Your goal => Write out the entries below exactly. End with the line that contains "Natural Tip for".

Material for the task =>
______________________________

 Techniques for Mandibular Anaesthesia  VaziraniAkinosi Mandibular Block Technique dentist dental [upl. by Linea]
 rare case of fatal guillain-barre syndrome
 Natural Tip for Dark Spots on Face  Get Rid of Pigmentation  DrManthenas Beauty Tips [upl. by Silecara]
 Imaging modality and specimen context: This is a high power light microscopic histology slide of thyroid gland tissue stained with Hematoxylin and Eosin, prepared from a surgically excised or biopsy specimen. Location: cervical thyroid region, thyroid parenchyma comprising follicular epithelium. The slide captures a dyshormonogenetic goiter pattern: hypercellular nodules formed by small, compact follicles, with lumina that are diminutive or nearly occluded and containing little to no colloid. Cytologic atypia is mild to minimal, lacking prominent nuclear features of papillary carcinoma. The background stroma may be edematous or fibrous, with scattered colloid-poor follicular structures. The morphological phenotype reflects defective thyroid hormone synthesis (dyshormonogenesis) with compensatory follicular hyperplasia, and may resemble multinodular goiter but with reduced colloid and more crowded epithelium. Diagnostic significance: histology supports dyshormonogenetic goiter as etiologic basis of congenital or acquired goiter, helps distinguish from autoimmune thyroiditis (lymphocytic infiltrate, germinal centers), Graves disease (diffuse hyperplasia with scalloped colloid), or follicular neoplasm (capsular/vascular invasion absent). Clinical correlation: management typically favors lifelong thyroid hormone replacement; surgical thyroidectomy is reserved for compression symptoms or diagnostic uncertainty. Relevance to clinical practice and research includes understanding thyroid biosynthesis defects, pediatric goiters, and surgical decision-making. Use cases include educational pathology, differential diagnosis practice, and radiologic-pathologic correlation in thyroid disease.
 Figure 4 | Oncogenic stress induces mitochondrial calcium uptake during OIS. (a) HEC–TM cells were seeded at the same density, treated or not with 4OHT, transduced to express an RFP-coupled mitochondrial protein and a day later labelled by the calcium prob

______________________________

Answer space =>
 Techniques for Mandibular Anaesthesia  VaziraniAkinosi Mandibular Block Technique dentist dental [upl. by Linea]
 rare case of fatal guillain-barre syndrome
 Natural Tip for Dark Spots on Face  Get Rid of Pigmentation  DrManthenas Beauty Tips [upl. by Silecara]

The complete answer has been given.